Aquando da aquisição das outras três unidades residenciais, a arguida Setina Titosse já não era dirigente. O negócio foi tratado por carta e segui avante, porque “o Fundo tinha um plano de investimento na área imobiliária para aumentar as suas receitas”, contou Danilo ao tribunal.
No dia em que a antiga dirigente do FDA prestou o seu testemunho em torno deste assunto, referiu-se a seis apartamentos e não nove. Ela narrou ainda que depois de fechar o negócio, comprou uma casa no mesmo condomínio a um preço bonificado. Entre tantas acusações, Setina defendeu-se justificando que para a pagar o aludido imóvel recorreu a um financiamento bancário, mas não revelou o montante. “Até hoje ainda estou a pagar ao banco e a casa ainda não está em meu nome”, por isso “ainda não é minha”.
Esta versão de Setina contrasta com a de Danilo. Este disse, primeiro, que a ré Setina manifestou desejo de comprar a habitação em alusão mas não chegou de fazê-lo. “Não fizemos a escritura do imóvel. Ela não chegou a pagar” e o negócio “não se concretizou”.
Num outro desenvolvimento, o sócio do projecto condomínio Joss Village declarou, contradizendo o que dissera antes, que: “a dona Setina comprou, pessoalmente, um apartamento através de financiamento bancário. Esse apartamento existe. Posso facultar as certidões anteriores mas já estão desactualizadas. As novas certidões só ela [Setina] pode dar”.

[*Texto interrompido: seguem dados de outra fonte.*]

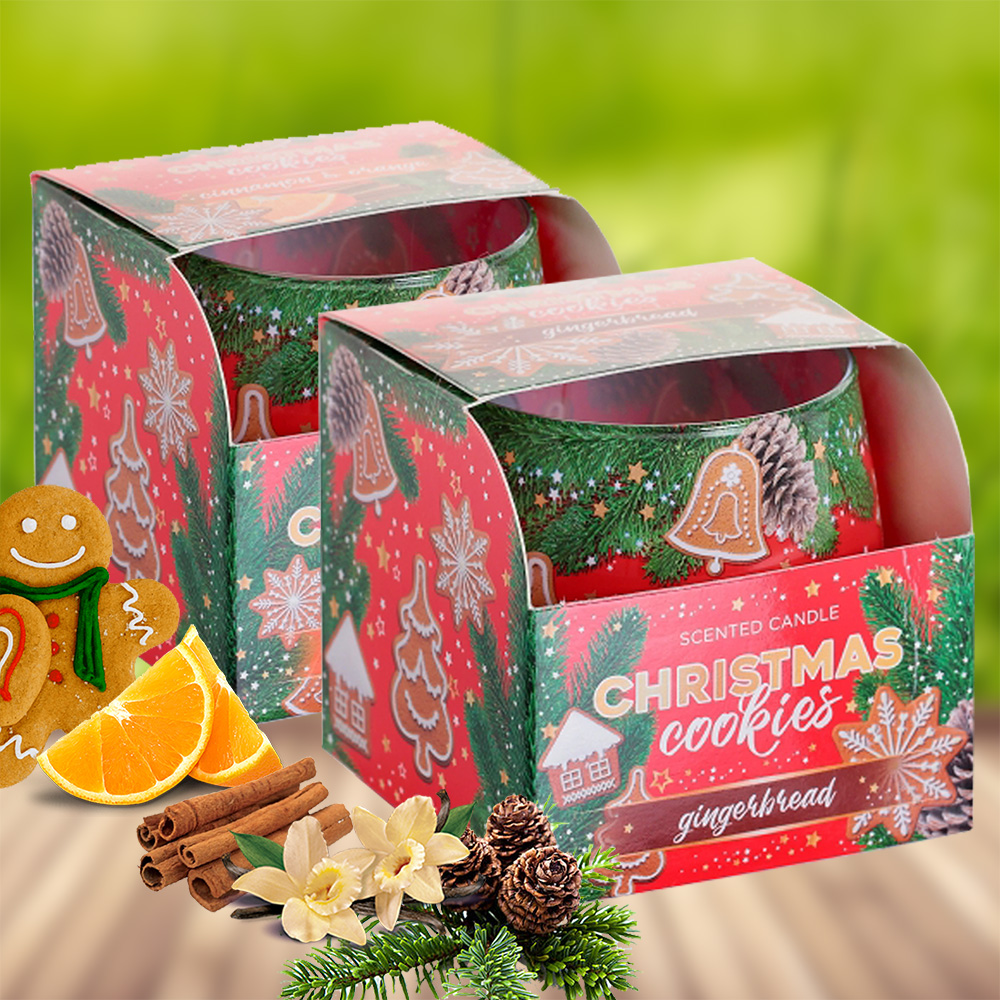 Combo 2 ly nến thơm Bartek nhập khẩu Châu Âu Christmas Cookies 100g - bánh gừng, cam, quế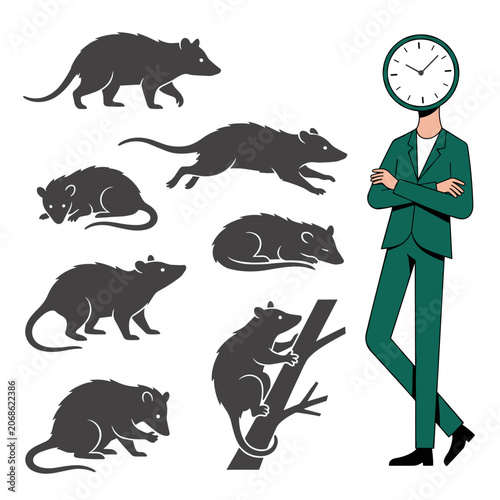 Opossum Silhouette Set with Human Character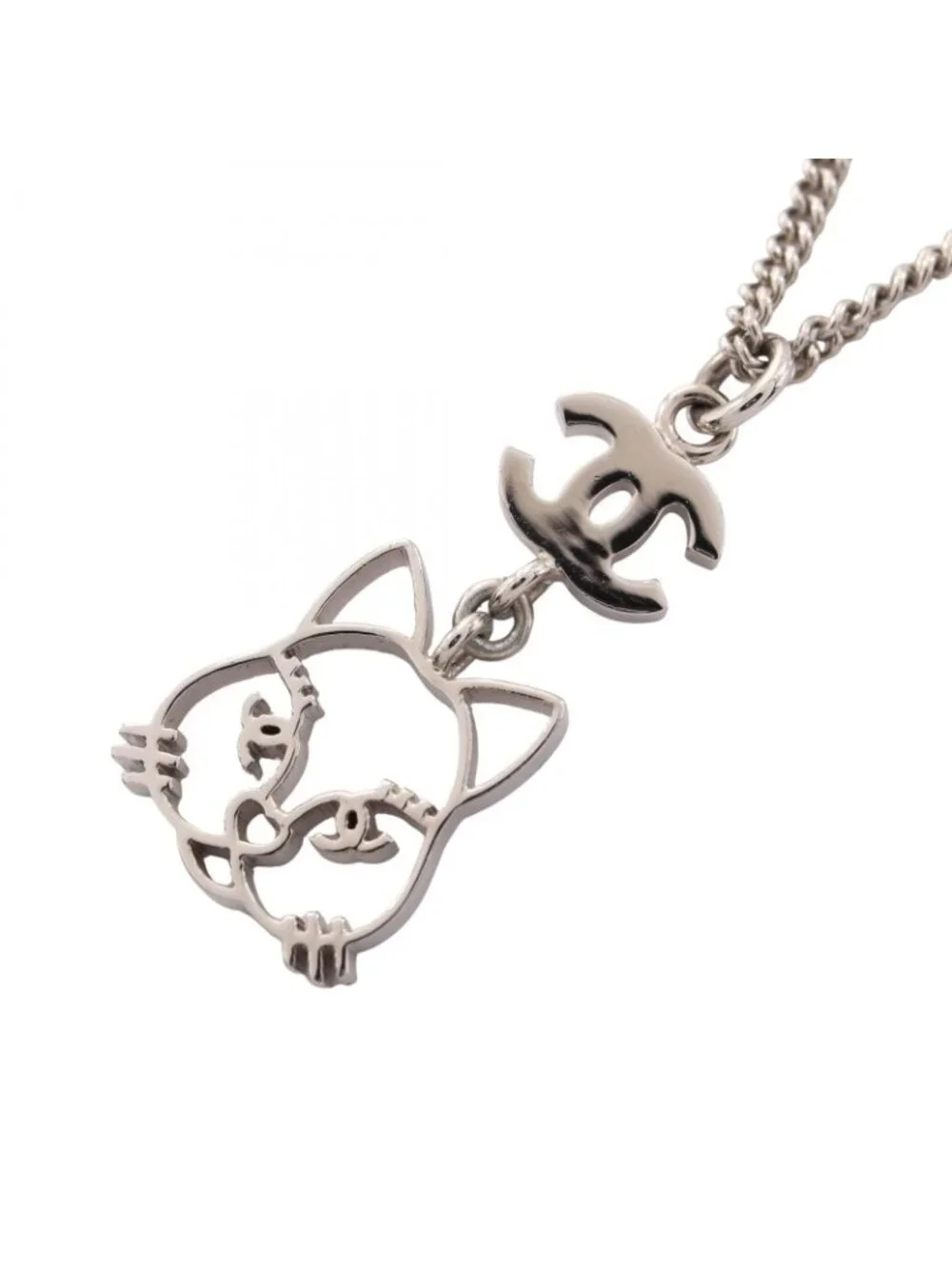 Chanel Necklace CC Logo Cat Silver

Danilo afirmou, também, que o seu empreendimento arrendou um apartamento do FDA a um cidadão de nome Bruno Macamo. Para o efeito, houve articulação com aquela entidade o dinheiro das mensalidades não foi canalizado, estando supostamente retido nas contas do projecto Joss Village, até que o FDA enviar o contrato de arrendamento do imóvel em causa (...).
Aparentemente, a desculpa deste cidadão para que até hoje os fundos não tenham sido revertidos a favor daquela instituição do Estado é descabida. Aliás, ele acrescentou que o assunto ficou prejudicado quando as autoridades começaram a investigar os contornos de aquisição dos nove imóveis a que nos referimos.
Refira-se que Amassua Rassul, pai do réu Abdul Rassul, também foi ouvido como declarante.
Ele disse que não beneficiou de nenhum dinheiro de que o filho beneficiou ilicitamente no FDA. Aliás, ele não sabia que o filho tinha dinheiro. O único valor que ele teve do filho foi um empréstimo de 100 meticais. Mas na altura de devolver, o filho recusou receber, alegando que iria converter o montante em blocos, uma vez que estava prestes a iniciar a construção da sua casa.
Abdul Rassul é marido da sobrinha da arguida Setina Titosse. Porém, Amassua Rassul alegou que não conhece a sua comadre Setina.